▸ **ACTIVITY**: All of the data needs to be repeated exactly.

Stored entries:
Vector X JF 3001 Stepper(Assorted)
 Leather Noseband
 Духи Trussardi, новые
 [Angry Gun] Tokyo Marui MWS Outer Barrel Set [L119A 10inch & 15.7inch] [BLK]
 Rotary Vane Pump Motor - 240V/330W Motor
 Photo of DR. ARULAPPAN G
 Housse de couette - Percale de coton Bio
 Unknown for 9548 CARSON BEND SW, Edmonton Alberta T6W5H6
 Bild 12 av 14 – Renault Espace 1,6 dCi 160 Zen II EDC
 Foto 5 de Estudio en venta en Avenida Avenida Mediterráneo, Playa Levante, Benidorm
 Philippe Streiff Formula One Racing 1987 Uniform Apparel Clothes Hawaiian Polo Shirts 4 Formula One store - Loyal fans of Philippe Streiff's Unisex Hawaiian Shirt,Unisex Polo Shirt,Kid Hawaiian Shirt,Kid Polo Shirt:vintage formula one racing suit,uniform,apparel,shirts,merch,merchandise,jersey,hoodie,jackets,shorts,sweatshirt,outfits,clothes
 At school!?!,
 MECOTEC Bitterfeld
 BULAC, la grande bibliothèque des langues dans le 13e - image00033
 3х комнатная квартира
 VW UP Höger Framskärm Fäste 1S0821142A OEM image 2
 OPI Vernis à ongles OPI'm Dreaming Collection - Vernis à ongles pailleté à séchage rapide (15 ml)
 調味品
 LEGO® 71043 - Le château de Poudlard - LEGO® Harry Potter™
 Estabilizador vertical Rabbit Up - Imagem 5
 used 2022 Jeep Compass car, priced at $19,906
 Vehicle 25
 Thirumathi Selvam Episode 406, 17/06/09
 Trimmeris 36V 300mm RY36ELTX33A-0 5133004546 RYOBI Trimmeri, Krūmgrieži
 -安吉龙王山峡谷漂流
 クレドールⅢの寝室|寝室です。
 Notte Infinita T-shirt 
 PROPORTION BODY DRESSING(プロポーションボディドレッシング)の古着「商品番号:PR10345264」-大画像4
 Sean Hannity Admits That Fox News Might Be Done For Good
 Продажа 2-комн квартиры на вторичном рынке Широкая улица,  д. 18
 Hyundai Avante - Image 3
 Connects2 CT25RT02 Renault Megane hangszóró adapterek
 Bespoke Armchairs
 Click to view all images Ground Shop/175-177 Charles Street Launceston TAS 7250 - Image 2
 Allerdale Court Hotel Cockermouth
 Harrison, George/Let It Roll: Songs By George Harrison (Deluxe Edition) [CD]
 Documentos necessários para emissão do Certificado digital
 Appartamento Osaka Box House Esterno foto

▸ **RESPONSE**:
Vector X JF 3001 Stepper(Assorted)
 Leather Noseband
 Духи Trussardi, новые
 [Angry Gun] Tokyo Marui MWS Outer Barrel Set [L119A 10inch & 15.7inch] [BLK]
 Rotary Vane Pump Motor - 240V/330W Motor
 Photo of DR. ARULAPPAN G
 Housse de couette - Percale de coton Bio
 Unknown for 9548 CARSON BEND SW, Edmonton Alberta T6W5H6
 Bild 12 av 14 – Renault Espace 1,6 dCi 160 Zen II EDC
 Foto 5 de Estudio en venta en Avenida Avenida Mediterráneo, Playa Levante, Benidorm
 Philippe Streiff Formula One Racing 1987 Uniform Apparel Clothes Hawaiian Polo Shirts 4 Formula One store - Loyal fans of Philippe Streiff's Unisex Hawaiian Shirt,Unisex Polo Shirt,Kid Hawaiian Shirt,Kid Polo Shirt:vintage formula one racing suit,uniform,apparel,shirts,merch,merchandise,jersey,hoodie,jackets,shorts,sweatshirt,outfits,clothes
 At school!?!,
 MECOTEC Bitterfeld
 BULAC, la grande bibliothèque des langues dans le 13e - image00033
 3х комнатная квартира
 VW UP Höger Framskärm Fäste 1S0821142A OEM image 2
 OPI Vernis à ongles OPI'm Dreaming Collection - Vernis à ongles pailleté à séchage rapide (15 ml)
 調味品
 LEGO® 71043 - Le château de Poudlard - LEGO® Harry Potter™
 Estabilizador vertical Rabbit Up - Imagem 5
 used 2022 Jeep Compass car, priced at $19,906
 Vehicle 25
 Thirumathi Selvam Episode 406, 17/06/09
 Trimmeris 36V 300mm RY36ELTX33A-0 5133004546 RYOBI Trimmeri, Krūmgrieži
 -安吉龙王山峡谷漂流
 クレドールⅢの寝室|寝室です。
 Notte Infinita T-shirt 
 PROPORTION BODY DRESSING(プロポーションボディドレッシング)の古着「商品番号:PR10345264」-大画像4
 Sean Hannity Admits That Fox News Might Be Done For Good
 Продажа 2-комн квартиры на вторичном рынке Широкая улица,  д. 18
 Hyundai Avante - Image 3
 Connects2 CT25RT02 Renault Megane hangszóró adapterek
 Bespoke Armchairs
 Click to view all images Ground Shop/175-177 Charles Street Launceston TAS 7250 - Image 2
 Allerdale Court Hotel Cockermouth
 Harrison, George/Let It Roll: Songs By George Harrison (Deluxe Edition) [CD]
 Documentos necessários para emissão do Certificado digital
 Appartamento Osaka Box House Esterno foto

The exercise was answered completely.